- _Recorded data_:

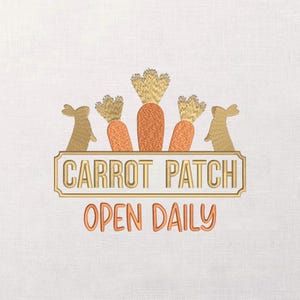 May include: Embroidered design featuring a carrot patch theme. The image includes orange carrots with green tops, two gold-colored rabbits, and the text "CARROT PATCH OPEN DAILY" in a gold and orange color scheme.
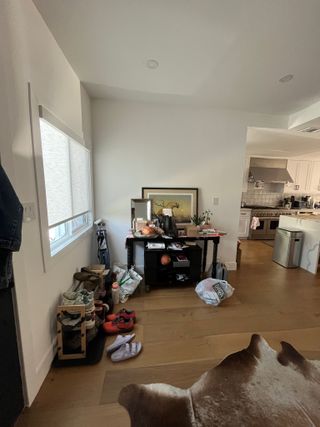 A crowded entrance area with a black console table and shoe rack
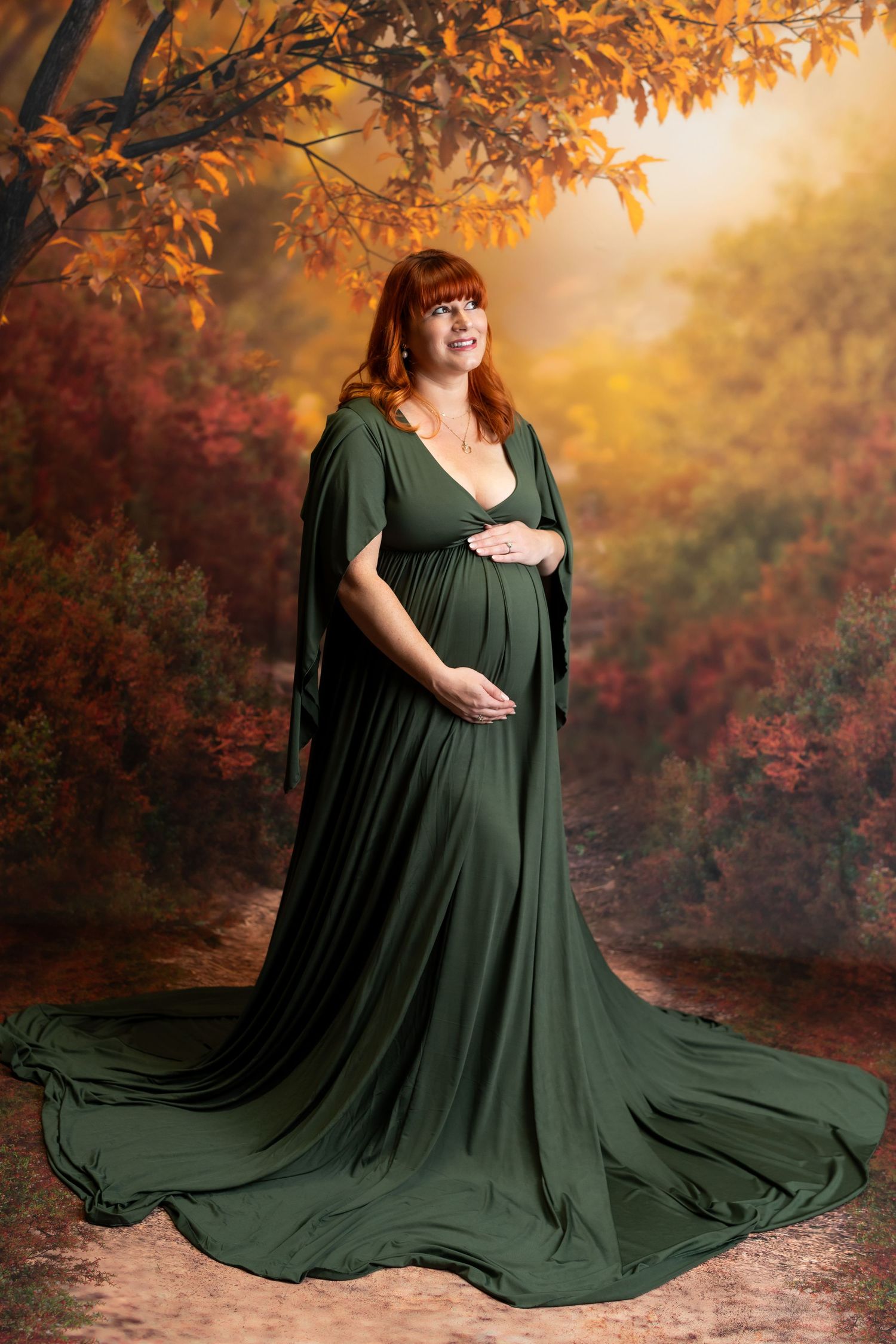 Maternity photoshoot featuring woman in flowing emerald green dress against autumn backdrop.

- _Aim of the task_: Keep every word of the material exactly as given. Drop the pictures.

- _Response to this exercise_:
 May include: Embroidered design featuring a carrot patch theme. The image includes orange carrots with green tops, two gold-colored rabbits, and the text "CARROT PATCH OPEN DAILY" in a gold and orange color scheme.
 A crowded entrance area with a black console table and shoe rack
 Maternity photoshoot featuring woman in flowing emerald green dress against autumn backdrop.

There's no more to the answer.